What did that mean? What did all of this mean? “Government?” I couldn’t imagine how the hell the government could be involved in Lukas’s disappearance. That made no sense whatsoever.
“That’s what I thought at first, but . . .” The waitress chose that moment to come back for a second round of water and flirting. The black scowl and flash of bared teeth I turned on her had her rethinking that in a hurry. Saul watched her go with a wistful glint in his eyes, but he knew better than to complain. Knowing how pivotal a moment this was for me and how unexpected, he also knew I was hanging on to my control by a fast-unraveling thread. “Keep it together,” he ordered quietly. “We might finally be there, so don’t lose it, okay? Stay with me.”

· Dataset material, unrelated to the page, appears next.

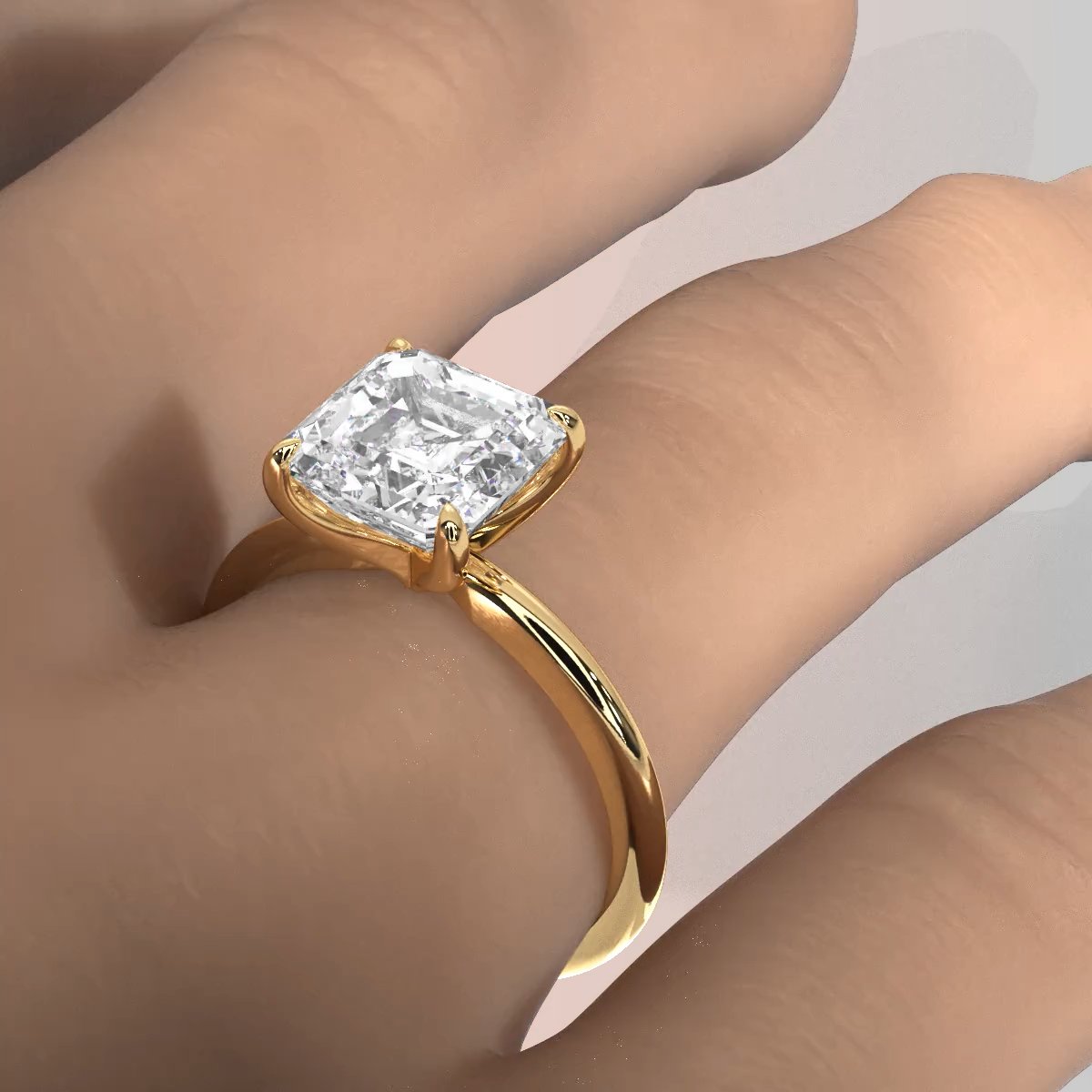 4g Knife Edge Solitaire Lab Grown Diamond Engagement Ring 2.5mm IGI Certified 3.00 Ctw.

If anything was ever easier said than done . . . Never mind the world had disappeared beneath my feet and left me in dizzying free fall. Swallowing against the chunk of dry ice burning in my throat, I consciously unclenched my fingers on both hands and uncurled my fists. Placing my hands flat on the table beside my plate, I sucked in a deep breath and said calmly, “I’m okay.” At his skeptical snort, I qualified, “Really. I’m okay as I’m going to be. So, let’s get on with it. Not the government? How do you know?” It wouldn’t be long before the shock wore off and reality set in. Reality didn’t have a history of playing well with others.